É isto, então: enquanto carregamos o nosso próprio mundo, composto de tudo aquilo que vimos e amamos, apenas parecemos percorrer e habitar o estrangeiro. Mas o que significa isto, carregar um mundo, o nosso mundo? Carregar como? Carregar onde? Carregar o quê? E como funciona essa bagagem? É uma bagagem porque é um peso, ou é uma bagagem porque é um conjunto de coisas úteis? Ou as duas coisas? E podemos escolhê-la? Podemos escolher largá-la? E se eternamente parecemos percorrer e habitar, nunca realmente percorremos e habitamos um lugar estranho?

Estas são questões para as quais não há uma resposta conclusiva, e de facto todos sabemos que estamos a falar de coisas que não se medem, não têm um peso e não ocupam um espaço fora da nossa consciência de nós mesmos. Sabemos também que isso não retira valor à ideia de uma mala cheia de coisas que nos definem. Talvez possamos simplesmente dizer, como e. e. cummings, a respeito das coisas que amamos: «i carry it in (my heart)»3.

 

MUNDO NOVO

Não sabendo ao certo responder a estas perguntas do ponto de vista de quem carrega malas por determinados lugares, gostaria de considerar também o ponto de vista do lugar. Porque se um lugar continuamente deixa passar por si pessoas que não lhe pertencem, então, o lugar está condenado a nunca ter ninguém que lhe pertença, a não ser os que lá nasceram?

Não é assim, e o Brasil sabe-o bem. Aliás, o Mundo Novo inteiro foi construído assim. Pessoas chegaram vindas de várias partes da Europa, e tornaram-se Americanos. Deve ser por isso que, no Brasil, a relação com a nacionalidade é completamente diferente da de Portugal. É infinitamente mais fácil ser-se brasileiro do que ser-se português, e isto porque é perfeitamente habitual acabar por se ser brasileiro tendo-se nascido português, italiano, japonês, para nomear apenas os exemplos mais comuns.

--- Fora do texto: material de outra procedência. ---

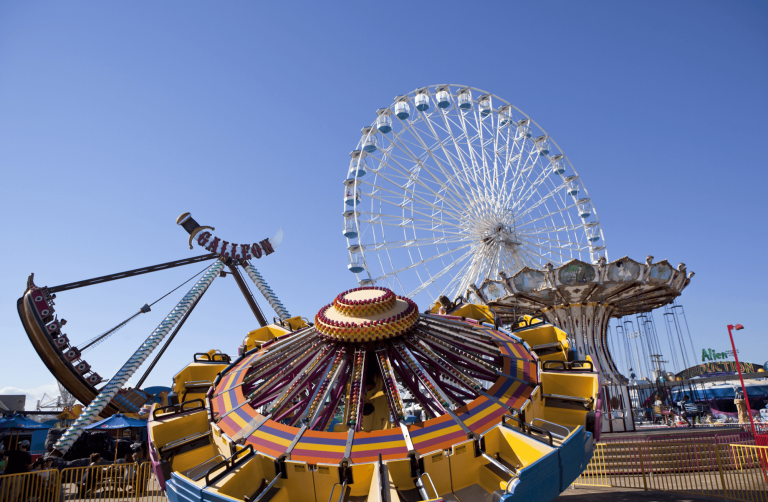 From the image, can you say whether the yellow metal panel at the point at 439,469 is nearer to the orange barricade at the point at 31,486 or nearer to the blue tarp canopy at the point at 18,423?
the orange barricade at the point at 31,486

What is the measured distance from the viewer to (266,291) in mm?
31453

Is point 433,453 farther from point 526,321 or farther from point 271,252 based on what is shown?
point 271,252

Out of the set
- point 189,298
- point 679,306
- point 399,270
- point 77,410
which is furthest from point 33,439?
point 679,306

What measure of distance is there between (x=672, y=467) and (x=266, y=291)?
24826mm

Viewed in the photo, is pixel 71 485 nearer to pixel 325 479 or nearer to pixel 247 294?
pixel 325 479

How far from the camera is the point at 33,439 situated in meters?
29.6

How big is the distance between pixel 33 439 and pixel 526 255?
32.6m

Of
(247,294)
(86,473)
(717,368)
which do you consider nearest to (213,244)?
(247,294)

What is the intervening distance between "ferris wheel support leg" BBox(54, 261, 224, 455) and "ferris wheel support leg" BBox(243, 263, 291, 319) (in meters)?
2.03

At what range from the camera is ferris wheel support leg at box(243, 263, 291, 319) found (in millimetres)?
31336

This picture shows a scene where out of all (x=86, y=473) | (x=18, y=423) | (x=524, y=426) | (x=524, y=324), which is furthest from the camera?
(x=18, y=423)

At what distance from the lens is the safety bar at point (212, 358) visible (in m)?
7.50

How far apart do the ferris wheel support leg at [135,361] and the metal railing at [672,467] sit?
20.2m

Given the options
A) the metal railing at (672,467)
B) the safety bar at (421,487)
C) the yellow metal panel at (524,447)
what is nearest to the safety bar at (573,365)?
the yellow metal panel at (524,447)
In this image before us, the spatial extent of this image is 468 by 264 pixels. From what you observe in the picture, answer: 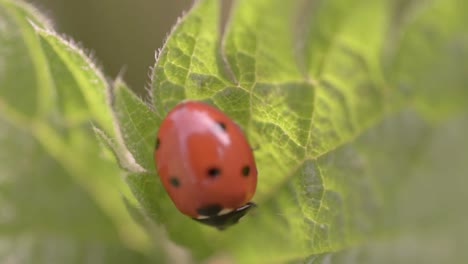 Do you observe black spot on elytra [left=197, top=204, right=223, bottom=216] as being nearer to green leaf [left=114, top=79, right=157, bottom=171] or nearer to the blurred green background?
green leaf [left=114, top=79, right=157, bottom=171]

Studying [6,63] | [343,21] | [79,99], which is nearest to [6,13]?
[6,63]

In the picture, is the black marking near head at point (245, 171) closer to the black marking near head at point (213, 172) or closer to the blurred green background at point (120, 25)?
the black marking near head at point (213, 172)

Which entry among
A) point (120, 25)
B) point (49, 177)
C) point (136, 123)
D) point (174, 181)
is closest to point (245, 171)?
point (174, 181)

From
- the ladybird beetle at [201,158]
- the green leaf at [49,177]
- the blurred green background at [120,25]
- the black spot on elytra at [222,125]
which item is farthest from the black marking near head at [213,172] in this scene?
the blurred green background at [120,25]

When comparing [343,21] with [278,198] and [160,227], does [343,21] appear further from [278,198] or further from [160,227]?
[160,227]

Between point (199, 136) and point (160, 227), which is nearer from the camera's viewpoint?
point (199, 136)

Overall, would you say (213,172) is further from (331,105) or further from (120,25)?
(120,25) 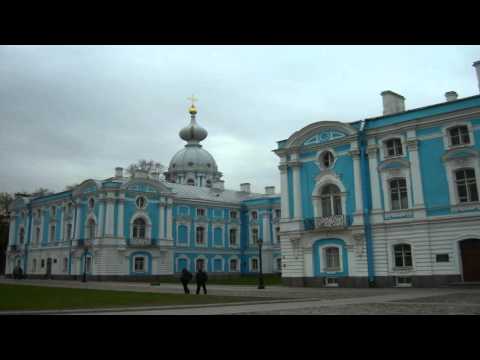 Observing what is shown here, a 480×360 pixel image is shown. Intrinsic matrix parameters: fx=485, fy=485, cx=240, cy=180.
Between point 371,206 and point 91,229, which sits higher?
point 91,229

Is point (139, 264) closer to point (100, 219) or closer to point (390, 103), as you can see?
point (100, 219)

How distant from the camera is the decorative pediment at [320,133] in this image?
30141 millimetres

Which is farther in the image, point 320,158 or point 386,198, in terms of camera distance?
point 320,158

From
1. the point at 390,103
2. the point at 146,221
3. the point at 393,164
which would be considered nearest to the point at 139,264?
the point at 146,221

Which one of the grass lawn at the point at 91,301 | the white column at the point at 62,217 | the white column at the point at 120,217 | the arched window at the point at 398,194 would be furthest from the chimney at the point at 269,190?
the grass lawn at the point at 91,301

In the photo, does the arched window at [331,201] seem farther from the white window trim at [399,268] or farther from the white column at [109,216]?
the white column at [109,216]

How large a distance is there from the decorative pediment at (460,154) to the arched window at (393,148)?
271 cm

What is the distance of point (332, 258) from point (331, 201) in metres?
3.55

Tomemos um exemplo controverso: Padre António Vieira. Português? Não, brasileiro. É claro, nasceu em Portugal. Mas a sua vida foi vivida no Brasil, a sua obra foi feita lá, o seu coração estava com os indígenas brasileiros que procurava libertar, física ou espiritualmente. O facto de ter dedicado a sua vida ao Brasil não o torna brasileiro? Para um brasileiro, sim, claro que sim; para um português, a certidão de nascimento é inalterável, e prevalece.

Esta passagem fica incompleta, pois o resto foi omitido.